8. A method of preparing a mixture for use in prototyping or forming a green ceramic; the method includes mixing a linear copolymer comprising acrylic acid and 2-acrylamido-2-methyl propane sulfonic acid, water and one or more metal oxide ceramic nanoparticles with a mean particle size of up to 100 nanometers, wherein the linear copolymer is at a concentration within the range between 1 wt. % and 2 wt. % on the basis of the total weight of the mixture, the one or more metal oxide ceramic nanoparticles are at a concentration within the range between 60 wt. % and 70 wt. % on the basis of the total weight of the mixture, and water is in a complementary amount.

9. The method according to claim 8, wherein the method includes mixing a linear copolymer comprising acrylic acid and 2-acrylamido-2-methyl propane sulfonic acid, water, and one or more metal oxide ceramic nanoparticles with a mean particle size of up to 60 nanometers, preferably within the range between 20 and 60 nanometers.

10. The method according to claim 8, wherein the method includes a selection of the metal oxide ceramic nanoparticles from the list consisting of yttria stabilized zirconia, magnesium oxide, alumina and mixtures thereof.
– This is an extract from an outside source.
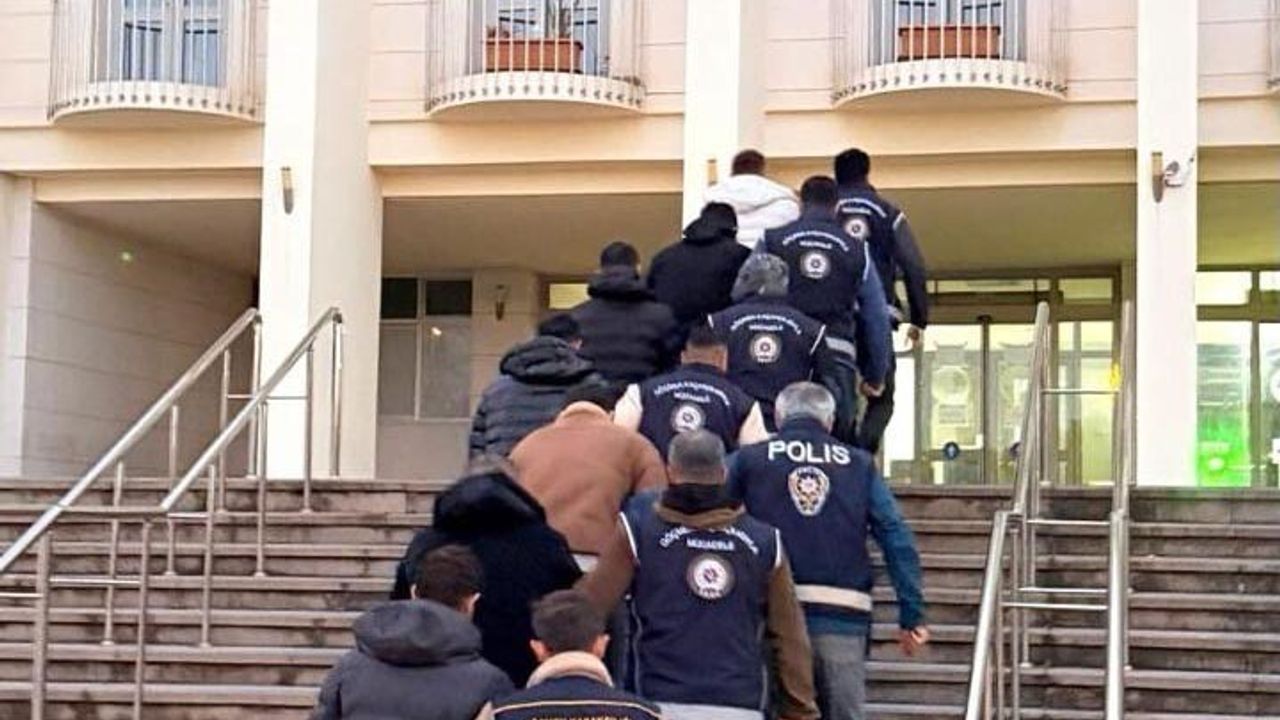 Bodrum'da göçmen kaçakçılığı operasyonu: 3 organizatör tutuklandı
11. The method according to claim 8, wherein the method includes the arrangement of the molar ratio between acrylic acid and 2-acrylamido-2-methyl propane sulfonic acid in the copolymer to a value within the range between 0.8:1 and 1:0.8.

12. (canceled)

13. (canceled)

14. The mixture according to claim 2, wherein said mean particle size is within the range between 20 nanometers and 60 nanometers.

15. The mixture according to claim 2, wherein the metal oxide ceramic nanoparticles are selected from the list consisting of yttria stabilized zirconia, magnesium oxide, alumina and mixtures thereof.
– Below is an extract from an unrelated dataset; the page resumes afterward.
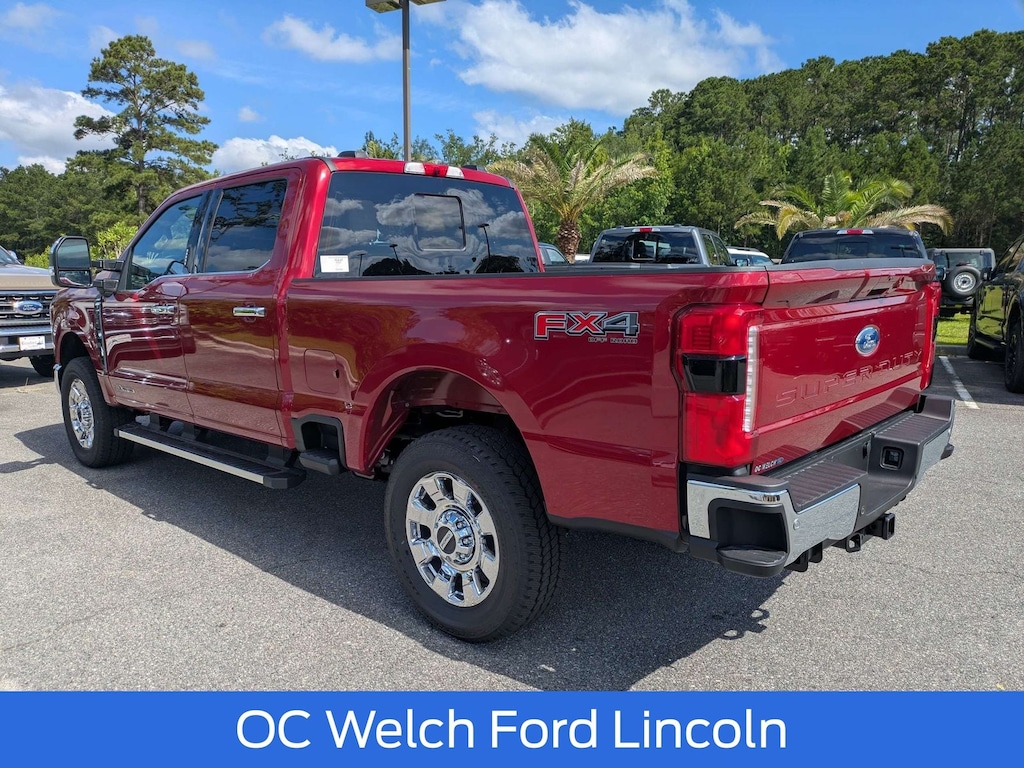 New 2026 Ford F-250 Lariat Truck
16. The mixture according to claim 3, wherein the metal oxide ceramic nanoparticles are selected from the list consisting of yttria stabilized zirconia, magnesium oxide, alumina and mixtures thereof.
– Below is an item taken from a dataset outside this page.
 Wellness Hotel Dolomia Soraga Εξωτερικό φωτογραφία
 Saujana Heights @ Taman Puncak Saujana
17. The mixture according to claim 2, wherein the molar ratio between acrylic acid and 2-acrylamido-2-methyl propane sulfonic acid in the copolymer is within the range between 0.8:1 and 1:0.8.

18. The mixture according to claim 3, wherein the molar ratio between acrylic acid and 2-acrylamido-2-methyl propane sulfonic acid in the copolymer is within the range between 0.8:1 and 1:0.8.

19. The mixture according to claim 4, wherein the molar ratio between acrylic acid and 2-acrylamido-2-methyl propane sulfonic acid in the copolymer is within the range between 0.8:1 and 1:0.8.

20. The method according to claim 9, wherein the method includes a selection of the metal oxide ceramic nanoparticles from the list consisting of yttria stabilized zirconia, magnesium oxide, alumina and mixtures thereof.

21. The method according to claim 9, wherein the method includes the arrangement of the molar ratio between acrylic acid and 2-acrylamido-2-methyl propane sulfonic acid in the copolymer to a value within the range between 0.8:1 and 1:0.8.

22. The method according to claim 10, wherein the method includes the arrangement of the molar ratio between acrylic acid and 2-acrylamido-2-methyl propane sulfonic acid in the copolymer to a value within the range between 0.8:1 and 1:0.8.